Re: Issue while calling foreach in Pyspark

Sean Owen Fri, 07 May 2021 14:10:46 -0700

I don't see any reason to think this is related to YARN.
You haven't shown the actual error @rajat so not sure there is anything to
say.


On Fri, May 7, 2021 at 3:08 PM Mich Talebzadeh <mich.talebza...@gmail.com>
wrote:

> I have suspicion that this may be caused by your cluster as it appears
> that you are running this in YARN mode like below
>
> spark-submit --master yarn --deploy-mode client xyx.py
>
> What happens if you try running it in local mode?
>
> spark-submit --master local[2] xyx.py
>
> Is this run in a managed cluster like GCP dataproc?
>
> HTH
>
>
>    view my Linkedin profile
> <https://www.linkedin.com/in/mich-talebzadeh-ph-d-5205b2/>
>
>
>
> *Disclaimer:* Use it at your own risk. Any and all responsibility for any
> loss, damage or destruction of data or any other property which may arise
> from relying on this email's technical content is explicitly disclaimed.

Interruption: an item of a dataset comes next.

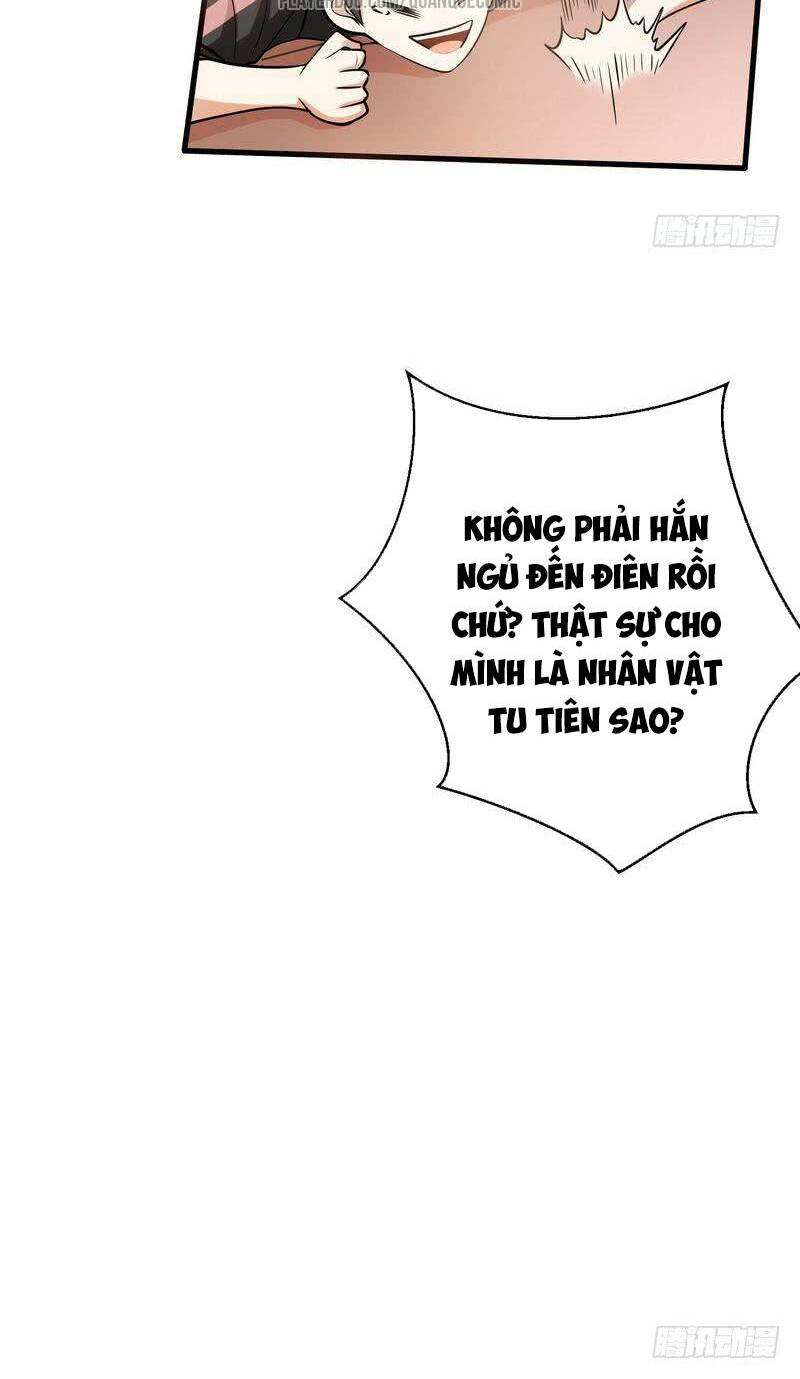 đô thị cực phẩm tiên đế chapter 1 12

> The author will in no case be liable for any monetary damages arising from
> such loss, damage or destruction.
>
>
>
>
> On Fri, 7 May 2021 at 19:17, rajat kumar <kumar.rajat20...@gmail.com>
> wrote:
>
>> Thanks Mich and Sean for the response . Yes Sean is right. This is a
>> batch job.
>>
>>   I am having only 10 records in the dataframe still it is giving this
>> exception
>>
>> Following are the full logs.
>>
>> File "/opt/spark/python/lib/pyspark.zip/pyspark/sql/dataframe.py", line
>> 584, in foreach
>>     self.rdd.foreach(f)
>>   File "/opt/spark/python/lib/pyspark.zip/pyspark/rdd.py", line 789, in
>> foreach
>>     self.mapPartitions(processPartition).count()  # Force evaluation
>>   File "/opt/spark/python/lib/pyspark.zip/pyspark/rdd.py", line 1055, in
>> count
>>     return self.mapPartitions(lambda i: [sum(1 for _ in i)]).sum()
>>   File "/opt/spark/python/lib/pyspark.zip/pyspark/rdd.py", line 1046, in
>> sum
>>     return self.mapPartitions(lambda x: [sum(x)]).fold(0, operator.add)

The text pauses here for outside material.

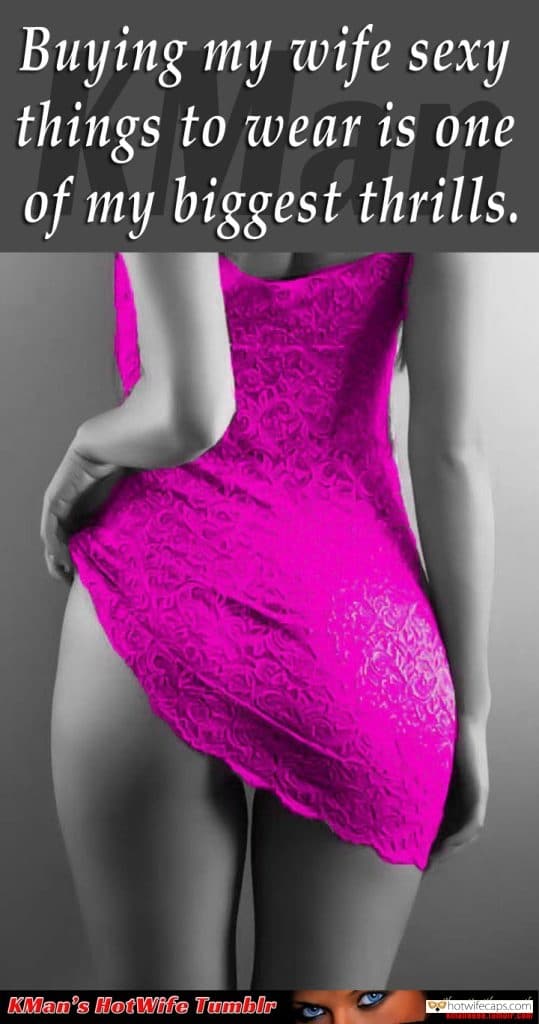 Best Live Cam Blogs Where You Can Date Hotwife porn blog hotwife caption Best Live Cam Blogs Where You Can Date Hotwife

>>   File "/opt/spark/python/lib/pyspark.zip/pyspark/rdd.py", line 917, in
>> fold
>>     vals = self.mapPartitions(func).collect()

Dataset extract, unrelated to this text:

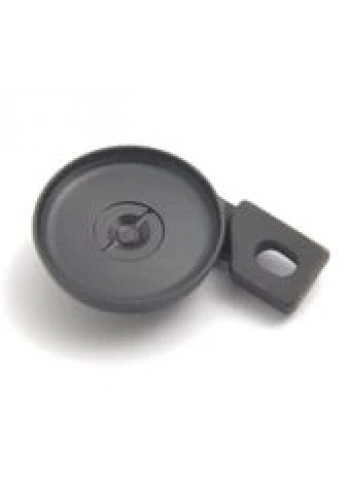 Saya Makine Roda 28mm Teker / LXF-80526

>>   File "/opt/spark/python/lib/pyspark.zip/pyspark/rdd.py", line 816, in
>> collect
>>     sock_info = self.ctx._jvm.PythonRDD.collectAndServe(self._jrdd.rdd())
>>   File "/opt/spark/python/lib/py4j-0.10.7-src.zip/py4j/java_gateway.py",
>> line 1257, in __call__
>>     answer, self.gateway_client, self.target_id, self.name)
>>   File "/opt/spark/python/lib/pyspark.zip/pyspark/sql/utils.py", line 63,
>> in deco
>>     return f(*a, **kw)
>>   File "/opt/spark/python/lib/py4j-0.10.7-src.zip/py4j/protocol.py", line
>> 328, in get_return_value
>>     format(target_id, ".", name), value)
>> py4j.protocol.Py4JJavaError: An error occurred while calling
>> z:org.apache.spark.api.python.PythonRDD.collectAndServe.
>> : org.apache.spark.SparkException: Job aborted due to stage failure: Task
>> 1 in stage 3.0 failed 4 times, most recent failure: Lost task 1.3 in stage
>> 3.0 (TID 10, 10.244.158.5, executor 1):
>> org.apache.spark.api.python.PythonException: Traceback (most recent call
>> last):
>>   File "/opt/spark/python/lib/pyspark.zip/pyspark/worker.py", line 364,
>> in main
>>     func, profiler, deserializer, serializer = read_command(pickleSer,
>> infile)
>>   File "/opt/spark/python/lib/pyspark.zip/pyspark/worker.py", line 69, in
>> read_command
>>     command = serializer._read_with_length(file)
>>   File "/opt/spark/python/lib/pyspark.zip/pyspark/serializers.py", line
>> 172, in _read_with_length
>>     return self.loads(obj)
>>   File "/opt/spark/python/lib/pyspark.zip/pyspark/serializers.py", line
>> 580, in loads
>>     return pickle.loads(obj, encoding=encoding)
>>   File
>> "/opt/dataflow/python/lib/python3.6/site-packages/module/read_data.py",
>> line 10, in <module>
>>     spark = SparkSession.builder.appName("test").getOrCreate()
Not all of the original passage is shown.